Whom does this serve if we know that there are folks coming specifically because they count on things turning violent? What if I don't want to engage in violence? What if I want to leave and things get crazy and I can't leave?
Not everyone is cut out to engage violently, no matter how many fantasies one may have of being the strongman, the hero, in a time of physical danger. A childhood and adolescence filled with being bullied made me shy away from such incidents, rather than seek them out. It has taken me years to get past the inner embarrassment of recognizing that I'm more Walter Mitty than Superman. I am finally beginning to come to terms with it, and to recognize that when things turn violent, I'm of no use to anyone in a crowd. If I can't escape, then all I'll do is curl up into a fetal position and wait for the blows to stop. That sort of response was beaten into me from my earliest grade school days and even self-defense courses couldn't change it (I flunked a self-defense course back in the day. Nothing the instructor did or said could help me, and I was so wigged out from the practice violence with the padded attacker that I went home after the second session and never came back.)

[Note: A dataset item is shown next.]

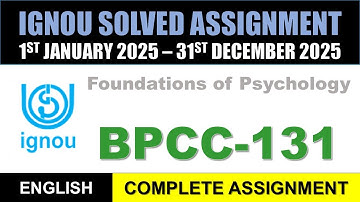 BPCC 131 Solved Assignment 2025 || bpcc-131 solved assignment in English || Jan 2025 to Dec 2025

Such self-knowledge can be damning. And in my case, it has been for a long time. But not now.
The stakes are higher. If I went downtown tomorrow, someone at home would be waiting nervously for my return. And if something happened to me, that someone would be positively bereft and brokenhearted. I can't do that to her. And I can't put myself in harm's way. I'm not a fighter. I'm a peacemaker.
And everyone above a certain age knows what Fighting For Peace is like...
Every person has to sort out these things for themselves. As for me, although I would dearly love to play with the band again, this is not the venue I want to do it in, and I'm staying away. I could go to services, but I'd have to go through downtown to get there and I'm frankly not even up for that small risk.
So I'll stay home. I'll pray for a peaceful outcome for my friends downtown, I'll spend loving time with my Sweetie, and I'll go for a bike ride in my neighborhood.
After Shabbat, I'll contact my local and state officials and urge them to find a way to prevent these bigots from coming back for another violent protest in the future.